L’UNIC POUR une réforme structurelle
Si une nouvelle méthode d’attribution des places est actée, cela n’affecterait pas la mise en place de GPE, dans le sens où il n’y aurait qu’un simple calcul à changer. En revanche, précise Pierre Ginéfri, « on ne pourra pas mettre en place GPE s’il y a une refonte totale du système de passage d’examens ». En creux, on peut imaginer que l’hypothèse d’une privatisation totale du permis, chère à l’UNIC, prend un peu de plomb dans l’aile, puisqu’elle viendrait encore compliquer la tâche de l’administration.
« On peut bien changer la méthode d’attribution, comme par exemple comptabiliser les deuxièmes passages dans le taux de réussite. Mais si le nombre d’inspecteurs n’augmente pas, nous n’aurons pas plus de places »,
estime Philippe Colombani, pour qui « une réforme structurelle est nécessaire ». Même en poids-lourd, où les taux de réussite frisent la perfection (90 % en moyenne), les délais de deux semaines sont un frein pour les centres de formation. « Deux semaines de délai pour repasser l’examen, ça veut dire des heures supplémentaires que les entreprises ne paieront pas. Le tarif est défini à l’avance, donc nous en avons de notre poche », souligne  Jean-Luc Pegat-Toquet, patron d’Ixio, une grosse entreprise de région parisienne.

« Défaillances humaines »
Interpellé sur le manque de coopération de certains bureaux des répartitions, Pierre Ginéfri l’a surtout mis sur le compte de « défaillances humaines ».
Dans le département des Alpes de Haute-Provence, le répartiteur ne répondait même plus aux appels des auto-écoles avant que, de guerre las, elles finissent par venir frapper à sa porte. En Seine-Saint-Denis,
« les inspecteurs se mettent en arrêt maladie dès qu’on leur refuse une mutation » selon les adhérents Unic. Des inspecteurs aux comportements toujours décriés par les auto-écoles, surtout avec les récentes grèves. « Ils ont demandé l’ADR pour ne plus se faire agresser, mais maintenant c’est nous que les élèves agressent », s’indigne Colombani. Le président du syndicat a également profité de la venue de Pierre Ginéfri pour évoquer avec lui la réglementation des locations de véhicules à doubles commandes. « C’est bien d’instituer des règles, notamment la formation de quatre heures, que je fais moi-même dans mon établissement. Mais à quand les contrôles ? » À cette question, le fonctionnaire n’a pas pu répondre. « Ce n’est plus de mon ressort, je n’ai pas de forces de police à ma disposition »,
a-t-il indiqué.

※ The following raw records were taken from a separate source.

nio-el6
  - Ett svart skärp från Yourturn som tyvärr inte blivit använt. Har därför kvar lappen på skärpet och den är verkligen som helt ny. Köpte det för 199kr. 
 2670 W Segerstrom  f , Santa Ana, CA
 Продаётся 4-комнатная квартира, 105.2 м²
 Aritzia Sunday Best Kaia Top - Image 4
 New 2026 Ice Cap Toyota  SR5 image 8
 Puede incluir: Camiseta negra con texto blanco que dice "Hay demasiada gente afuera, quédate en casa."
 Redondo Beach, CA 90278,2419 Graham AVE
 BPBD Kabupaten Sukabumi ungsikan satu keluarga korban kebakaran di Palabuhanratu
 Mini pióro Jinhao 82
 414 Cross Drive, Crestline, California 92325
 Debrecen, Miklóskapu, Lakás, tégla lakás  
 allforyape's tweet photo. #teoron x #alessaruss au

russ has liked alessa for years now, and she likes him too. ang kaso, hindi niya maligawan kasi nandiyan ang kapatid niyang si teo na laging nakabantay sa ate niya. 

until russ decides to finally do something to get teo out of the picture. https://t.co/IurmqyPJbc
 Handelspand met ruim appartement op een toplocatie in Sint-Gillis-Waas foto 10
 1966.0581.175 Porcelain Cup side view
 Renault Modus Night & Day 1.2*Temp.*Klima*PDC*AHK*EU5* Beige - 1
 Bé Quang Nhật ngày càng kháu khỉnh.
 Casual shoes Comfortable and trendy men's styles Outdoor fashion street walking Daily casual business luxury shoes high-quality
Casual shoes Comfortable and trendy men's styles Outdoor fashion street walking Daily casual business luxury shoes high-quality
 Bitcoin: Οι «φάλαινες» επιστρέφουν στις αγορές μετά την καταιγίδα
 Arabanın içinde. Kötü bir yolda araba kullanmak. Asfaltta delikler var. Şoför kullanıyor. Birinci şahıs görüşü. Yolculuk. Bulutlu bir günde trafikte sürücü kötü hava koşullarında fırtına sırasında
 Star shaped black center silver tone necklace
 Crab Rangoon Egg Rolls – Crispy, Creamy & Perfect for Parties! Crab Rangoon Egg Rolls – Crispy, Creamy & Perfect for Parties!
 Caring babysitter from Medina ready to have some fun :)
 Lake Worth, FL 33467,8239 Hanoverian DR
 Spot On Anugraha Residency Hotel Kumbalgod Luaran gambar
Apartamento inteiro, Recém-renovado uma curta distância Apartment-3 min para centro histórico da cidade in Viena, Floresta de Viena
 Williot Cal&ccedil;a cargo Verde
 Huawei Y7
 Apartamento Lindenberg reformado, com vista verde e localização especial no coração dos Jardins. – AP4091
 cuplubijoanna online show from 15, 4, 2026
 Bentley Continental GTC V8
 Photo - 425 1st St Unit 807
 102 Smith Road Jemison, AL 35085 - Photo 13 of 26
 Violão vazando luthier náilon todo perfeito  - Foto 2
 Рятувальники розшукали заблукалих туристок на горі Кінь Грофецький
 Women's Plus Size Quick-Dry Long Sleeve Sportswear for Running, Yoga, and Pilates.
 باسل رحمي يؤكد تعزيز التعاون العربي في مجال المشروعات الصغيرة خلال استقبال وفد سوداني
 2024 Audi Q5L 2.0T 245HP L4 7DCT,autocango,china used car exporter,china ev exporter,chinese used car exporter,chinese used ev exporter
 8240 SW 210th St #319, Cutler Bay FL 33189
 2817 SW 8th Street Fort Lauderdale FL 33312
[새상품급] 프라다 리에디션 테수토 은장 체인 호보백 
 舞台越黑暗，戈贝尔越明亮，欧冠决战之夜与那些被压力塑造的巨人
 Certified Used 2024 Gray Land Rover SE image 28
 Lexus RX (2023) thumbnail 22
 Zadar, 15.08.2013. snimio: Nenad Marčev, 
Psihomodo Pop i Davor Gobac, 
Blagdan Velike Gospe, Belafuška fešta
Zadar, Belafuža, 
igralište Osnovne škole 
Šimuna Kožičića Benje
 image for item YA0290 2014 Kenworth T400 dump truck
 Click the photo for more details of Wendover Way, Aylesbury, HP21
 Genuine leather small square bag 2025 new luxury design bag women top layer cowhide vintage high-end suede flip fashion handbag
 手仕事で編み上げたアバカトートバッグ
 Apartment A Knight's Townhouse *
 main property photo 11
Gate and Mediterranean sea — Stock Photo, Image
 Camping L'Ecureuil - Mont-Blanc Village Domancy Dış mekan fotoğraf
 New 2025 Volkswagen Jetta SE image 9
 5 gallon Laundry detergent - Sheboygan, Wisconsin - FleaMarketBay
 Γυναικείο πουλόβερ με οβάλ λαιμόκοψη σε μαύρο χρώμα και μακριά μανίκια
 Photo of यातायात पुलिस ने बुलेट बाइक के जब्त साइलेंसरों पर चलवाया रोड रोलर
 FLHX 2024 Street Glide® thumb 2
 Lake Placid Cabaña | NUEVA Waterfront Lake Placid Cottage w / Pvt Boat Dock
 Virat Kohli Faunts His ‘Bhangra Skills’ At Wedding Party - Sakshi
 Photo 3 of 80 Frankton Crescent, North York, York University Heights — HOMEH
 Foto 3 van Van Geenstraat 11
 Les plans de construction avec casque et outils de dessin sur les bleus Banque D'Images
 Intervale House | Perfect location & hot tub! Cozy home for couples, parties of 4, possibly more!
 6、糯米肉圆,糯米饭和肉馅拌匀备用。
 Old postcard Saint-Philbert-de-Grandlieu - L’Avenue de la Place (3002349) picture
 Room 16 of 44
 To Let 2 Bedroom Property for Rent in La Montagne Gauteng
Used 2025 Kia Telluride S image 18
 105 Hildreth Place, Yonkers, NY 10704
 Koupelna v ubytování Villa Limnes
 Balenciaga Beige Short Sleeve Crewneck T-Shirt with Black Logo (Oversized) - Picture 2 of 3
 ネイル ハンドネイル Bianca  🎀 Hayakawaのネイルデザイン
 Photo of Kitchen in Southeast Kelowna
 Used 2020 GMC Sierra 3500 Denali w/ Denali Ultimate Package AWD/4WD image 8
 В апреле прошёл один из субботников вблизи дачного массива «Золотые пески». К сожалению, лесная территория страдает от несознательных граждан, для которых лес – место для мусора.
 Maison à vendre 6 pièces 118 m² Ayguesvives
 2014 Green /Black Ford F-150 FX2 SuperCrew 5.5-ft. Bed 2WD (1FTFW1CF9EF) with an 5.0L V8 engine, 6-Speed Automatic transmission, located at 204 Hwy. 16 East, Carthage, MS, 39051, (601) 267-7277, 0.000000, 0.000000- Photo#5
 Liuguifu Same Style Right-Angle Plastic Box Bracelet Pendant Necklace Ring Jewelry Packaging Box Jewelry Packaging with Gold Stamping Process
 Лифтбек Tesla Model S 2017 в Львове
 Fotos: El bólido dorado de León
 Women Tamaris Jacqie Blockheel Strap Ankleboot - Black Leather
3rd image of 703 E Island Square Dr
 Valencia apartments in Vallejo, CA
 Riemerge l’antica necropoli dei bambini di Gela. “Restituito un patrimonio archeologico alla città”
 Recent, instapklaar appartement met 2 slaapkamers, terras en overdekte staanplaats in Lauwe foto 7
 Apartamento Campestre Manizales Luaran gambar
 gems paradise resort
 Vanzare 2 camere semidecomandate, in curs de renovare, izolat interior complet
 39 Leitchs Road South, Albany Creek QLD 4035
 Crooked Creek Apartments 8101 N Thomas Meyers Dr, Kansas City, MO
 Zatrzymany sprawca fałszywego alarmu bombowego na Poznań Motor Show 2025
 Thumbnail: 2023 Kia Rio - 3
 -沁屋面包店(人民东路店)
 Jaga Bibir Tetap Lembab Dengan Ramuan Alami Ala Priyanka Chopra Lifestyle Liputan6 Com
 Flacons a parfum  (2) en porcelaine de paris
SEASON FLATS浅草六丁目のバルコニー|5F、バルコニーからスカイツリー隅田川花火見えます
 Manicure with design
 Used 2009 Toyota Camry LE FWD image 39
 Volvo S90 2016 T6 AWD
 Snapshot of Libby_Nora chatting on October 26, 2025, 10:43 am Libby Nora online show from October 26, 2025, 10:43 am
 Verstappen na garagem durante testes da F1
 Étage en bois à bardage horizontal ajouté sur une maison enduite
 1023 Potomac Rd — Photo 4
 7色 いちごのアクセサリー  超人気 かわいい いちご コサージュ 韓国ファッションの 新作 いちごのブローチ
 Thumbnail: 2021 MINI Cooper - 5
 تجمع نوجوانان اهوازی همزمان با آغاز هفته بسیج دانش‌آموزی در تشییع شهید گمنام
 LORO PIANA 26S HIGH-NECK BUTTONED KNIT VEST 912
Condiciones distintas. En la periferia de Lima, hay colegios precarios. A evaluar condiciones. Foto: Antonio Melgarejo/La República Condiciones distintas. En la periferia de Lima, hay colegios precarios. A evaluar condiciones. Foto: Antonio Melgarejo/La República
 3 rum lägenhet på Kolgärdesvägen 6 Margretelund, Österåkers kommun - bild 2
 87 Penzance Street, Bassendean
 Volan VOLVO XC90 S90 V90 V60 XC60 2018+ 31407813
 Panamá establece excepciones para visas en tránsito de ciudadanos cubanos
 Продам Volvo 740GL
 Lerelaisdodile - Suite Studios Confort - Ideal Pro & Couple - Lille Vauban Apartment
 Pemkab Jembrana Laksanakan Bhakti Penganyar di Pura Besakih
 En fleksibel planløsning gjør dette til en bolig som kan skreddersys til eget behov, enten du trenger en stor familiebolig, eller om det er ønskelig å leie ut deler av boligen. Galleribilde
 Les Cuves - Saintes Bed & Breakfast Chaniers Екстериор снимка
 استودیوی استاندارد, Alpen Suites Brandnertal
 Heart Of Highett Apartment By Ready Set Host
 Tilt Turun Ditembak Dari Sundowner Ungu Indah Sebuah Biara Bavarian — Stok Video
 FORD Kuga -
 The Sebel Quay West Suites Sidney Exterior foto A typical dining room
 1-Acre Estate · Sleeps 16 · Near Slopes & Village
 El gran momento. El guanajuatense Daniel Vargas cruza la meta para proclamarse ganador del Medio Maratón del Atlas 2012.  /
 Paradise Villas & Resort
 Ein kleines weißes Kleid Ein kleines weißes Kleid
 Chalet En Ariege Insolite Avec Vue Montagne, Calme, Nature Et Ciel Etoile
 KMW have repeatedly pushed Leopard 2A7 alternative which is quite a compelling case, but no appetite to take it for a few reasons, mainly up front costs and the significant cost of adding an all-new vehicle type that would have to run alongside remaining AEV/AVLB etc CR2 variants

Des questions sans réponse, des débats… Le lot d’un congrès que l’UNIC voulait fédérateur, avec un objectif avoué pour Philippe Colombani : inciter d’autres voix que la sienne à s’exprimer, en confrontant les adhérents aux différents acteurs de la profession. « Je suis là pour eux car ils sont aussi mes amis, même si parfois je fatigue un peu », confie-t-il. Mais l’UNIC peut compter sur son capitaine quelques années encore.
Lucas Lallemand





Un futur partenariat avec la Croix-Rouge ?
Une formation de secouriste devrait-elle intégrée à l’examen du permis de conduire ? C’est la question posée régulièrement par certains politiques, dont une proposition de loi récemment examinée au Sénat (au mois de novembre, ndlr). Et l’UNIC a annoncé vouloir prendre les devants en la matière. Patrice Dallem, de la Croix-Rouge, est intervenu au congrès de Poitiers, insistant sur la nécessité d’une formation aux premiers secours, notamment dans le cadre des auto-écoles. Pas insensible à ses arguments, Philippe Colombani a proposé un partenariat entre l’UNIC et la Croix-Rouge. « Une loi est en préparation, cela fait des années qu’on parle d’inclure la formation aux premiers secours dans le permis, un jour ça va finir par sortir. Alors autant être en avance et précéder les politiques », a-t-il annoncé. Les adhérents de l’UNIC pourraient ainsi bénéficier d’un tarif négocié avec la Croix-Rouge pour former leurs moniteurs – et éventuellement leurs élèves – aux premiers secours.